Wine fanciers often speak of the beneficial “rain shadow” effect in their favorite winegrowing regions. When you study the world’s wines, you find the rain shadow words mentioned in regard to Eastern Washington, Alsace, Mendoza and more. In it’s simplest form, it just means that there is a mountain range that forces air upward, causing it to drop its moisture content on the windward side and leaving drier air on the leeward side of the range. The incessantly quizzical among us will wonder why this favorable circumstance occurs.
A rain shadow requires that there be moisture and also that winds move consistently in one direction, so that the topography offers a constant protective element. This raises the question of why winds move in a consistent direction. The answer is explained by the Coriolis Effect. The earth is a rotating sphere and its rotation, combined with other factors causes large prevailing belts of wind around the globe.
If the earth were a fixed body rather than a rotating one, the heat of the sun would cause air to flow from the equator toward the poles. Hot air rises at the equator and moves poleward, creating a low pressure area in its wake. Colder, higher pressure air, then moves toward the equator to fill the void and restore equilibrium. Without rotation, there would be a single circulation cell between the equator and the pole in the northern hemisphere.
The Three Convection Cells from the Equator to the Pole
The earth’s rotation, however, combined with the 23 degree tilt of the earth on its axis, causes a much more complex situation. Because the earth is a rotating sphere, the speed at which the surface moves varies. The circumference of the earth at the equator is around 24,900 miles and completes one rotation in 24 hours — a speed of 1,037 miles per hour. At 40 degrees of north — the approximate latitude of Philadelphia, Columbus OH, and Denver — the circumference is 19,014 miles, so a point on the earth’s surface travels at 792 miles per hour to complete a rotation in one day. At the pole, the speed is zero and a point simply spins. The variable speed of rotation causes three distinct air convection zones in the hemisphere instead of one.
The atmosphere is not attached to the earth, but is dragged along somewhat inefficiently by friction as the earth rotates. Even so, if an air mass flows north from the equator, it will not arrive at a point due north of its origin because the earth beneath it has moved. Since the earth’s rotation is from west to east, in the northern hemisphere, the apparent deflection of the air will be to the right. It all becomes quite complex, but the result is that at 30-60 degrees of latitude, the prevailing winds are from the west. Since most winegrowing areas lie within this latitudinal belt, they are affected by the prevailing westerlies.
Global Wind Belts and Convection Cells
Now that we have established the reason why the Prevailing Westerlies prevail, we can look at the other factors needed to create an effective rain shadow. The most obvious ones are montane barriers. Air masses cool and expand as they rise in altitude and, conversely, warm and compress as they descend. In the U.S.A., the Cascade Mountains of Washington are a splendid example of the phenomenon. Moisture laden air masses are borne by the prevailing winds off the Pacific Ocean. When they come to the volcanic mass of the Cascades they are pushed upward, cooling by up to 5°F per thousand feet as they go. At 68° F (20°C) a kilogram of air can hold 15 grams of water. At 32° F (0° C), however that same kilogram of air can hold only 3.8 grams of water. The excess water either condenses and becomes clouds or drops out as precipitation. The difference in precipitation between the west and the east side of the Cascades is huge. While Seattle averages 38 inches of rain per year, Snoqualmie Pass — around 50 miles east — receives 105 inches of rain per year. Travel another 50 miles east from Snoqualmie and the town of Ellensburg averages only 9 inches per year. The rain shadow effect is dramatic, indeed.

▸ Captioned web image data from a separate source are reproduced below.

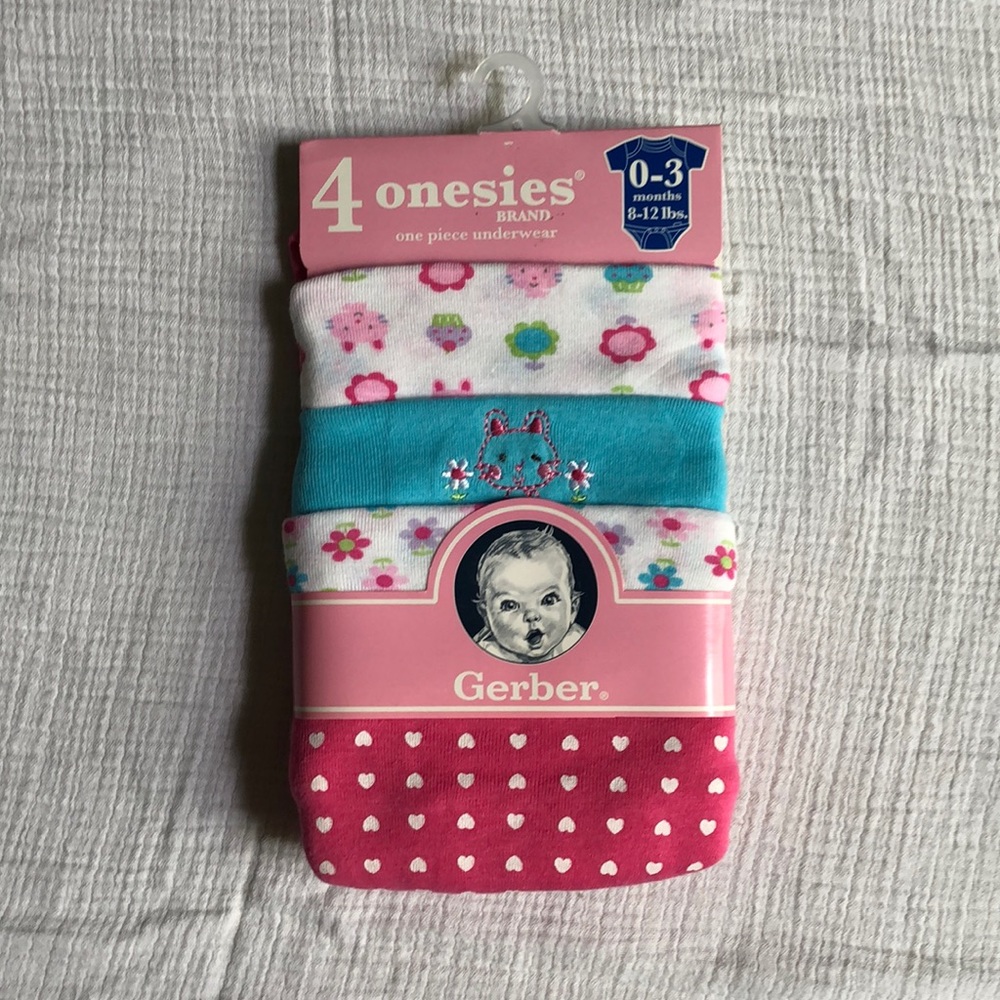 Gerber 4-pack 0-3M short sleeve onesies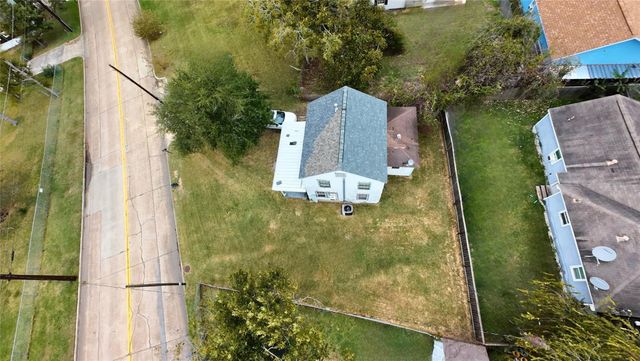 2312 Missouri Street, Baytown, TX 77520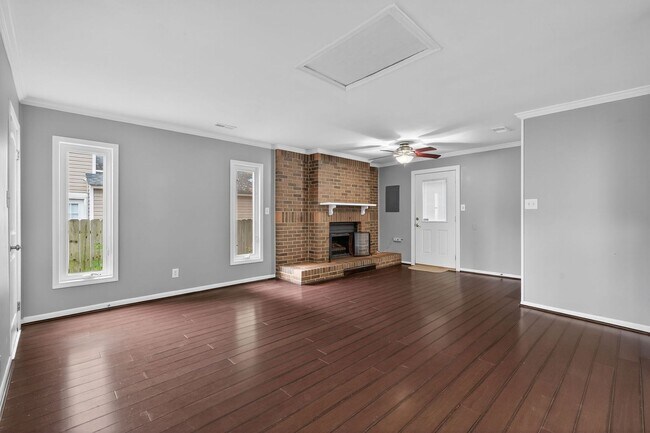 Building Photo - 3544 Good Hope Rd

Arid Landscape of the Yakima Valley
Around the wine world, we find the warm and dry air in the leeward side of mountain barriers often provides a beneficial habitat for wine grapes. The Vosges Mountains of eastern France provide Alsace with the sunniest weather in the nation. The Southern Alps of New Zealand’s South Island shelter and warm the vineyards of Central Otago. Perhaps the most dramatic rain shadow of the wine world is the high peaks of the Andes, which block Pacific storms and moisture from the vines of Mendoza in Argentina.
Sierra de Cantabria Mountains Shelter the Rioja Vineyards
There are many other examples of rain shadows that are not quite as dramatic as these. The Langhe and Monferrato Hills of Italy’s Piedmont benefit from the rain shadow of the Alps. The Sierra de Cantabria Mountains provide protection for the vineyards of Rioja as do the Santa Lucia Mountains for the vines of the Santa Lucia Highlands and Salinas Valley. In Australia, the Great Dividing Range shelters the inland sites of New South Wales and Victoria. The vines that carpet Marlborough’s Wairau Valley yield the majority of New Zealand’s Sauvignon Blancs and are offered a beneficent climate by the rain-shadow inducing Richmond Range and Spenser Mountains to the west. Wherever you go in the wine world, there are special physical circumstances that provide beneficial impacts for noted winegrowing regions. Rain shadows are an important one, but only part of the fascinating puzzle.